#### WHAT YOU SHOULD DO
What follows is a set of records; repeat them exactly, without the pictures.

[Data extracted from a collection]

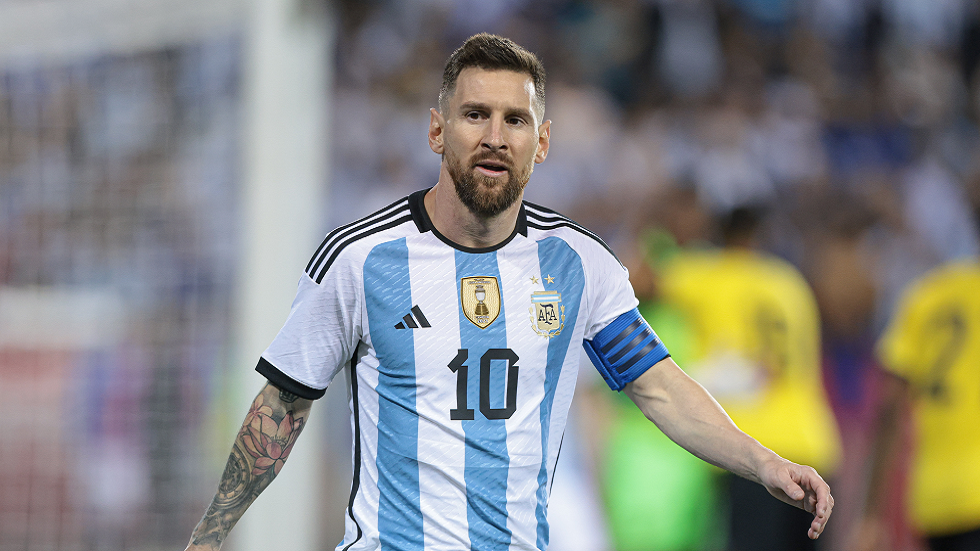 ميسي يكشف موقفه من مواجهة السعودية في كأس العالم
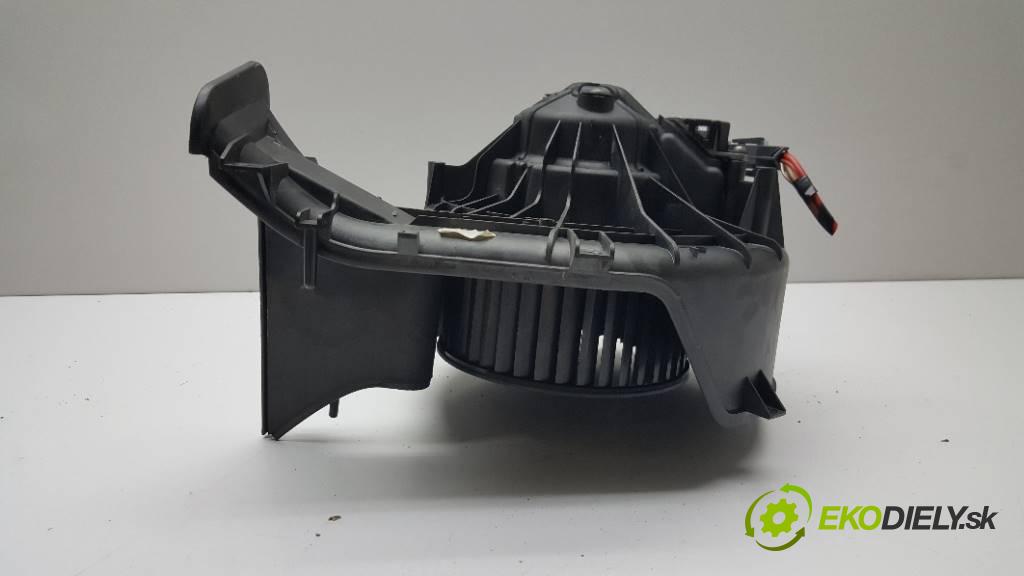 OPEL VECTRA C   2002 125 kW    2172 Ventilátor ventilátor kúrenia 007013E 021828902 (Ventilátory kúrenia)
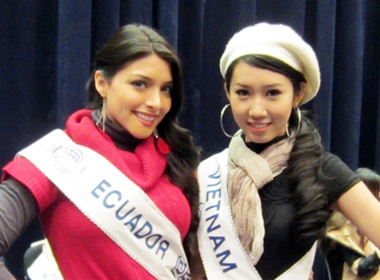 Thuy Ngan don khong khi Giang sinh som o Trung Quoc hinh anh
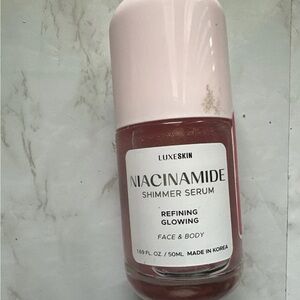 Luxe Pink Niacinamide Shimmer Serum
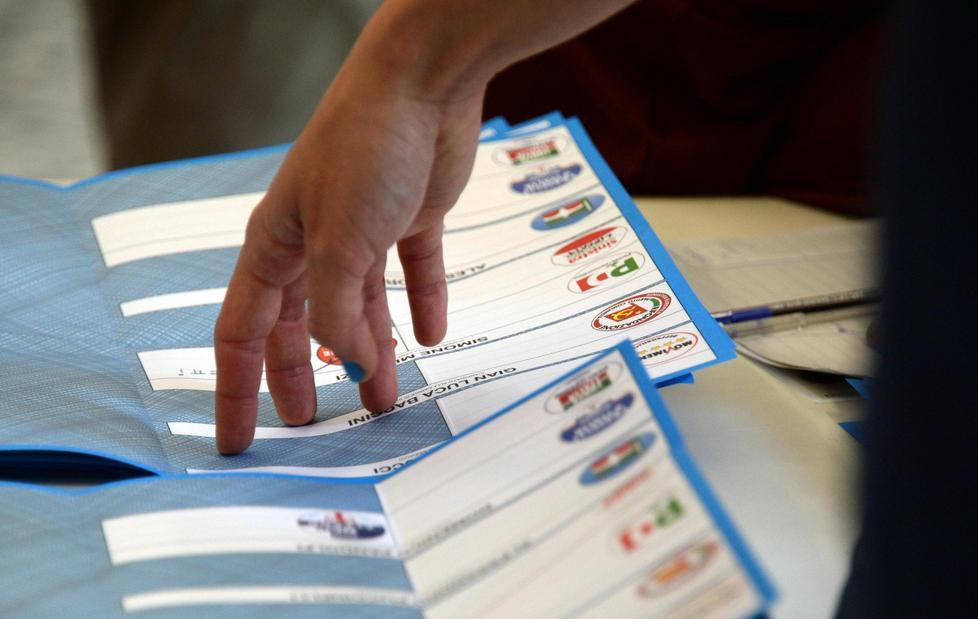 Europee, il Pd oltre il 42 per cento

#### FINISHED TASK
 ميسي يكشف موقفه من مواجهة السعودية في كأس العالم
 OPEL VECTRA C   2002 125 kW    2172 Ventilátor ventilátor kúrenia 007013E 021828902 (Ventilátory kúrenia)
 Thuy Ngan don khong khi Giang sinh som o Trung Quoc hinh anh
 Luxe Pink Niacinamide Shimmer Serum
 Europee, il Pd oltre il 42 per cento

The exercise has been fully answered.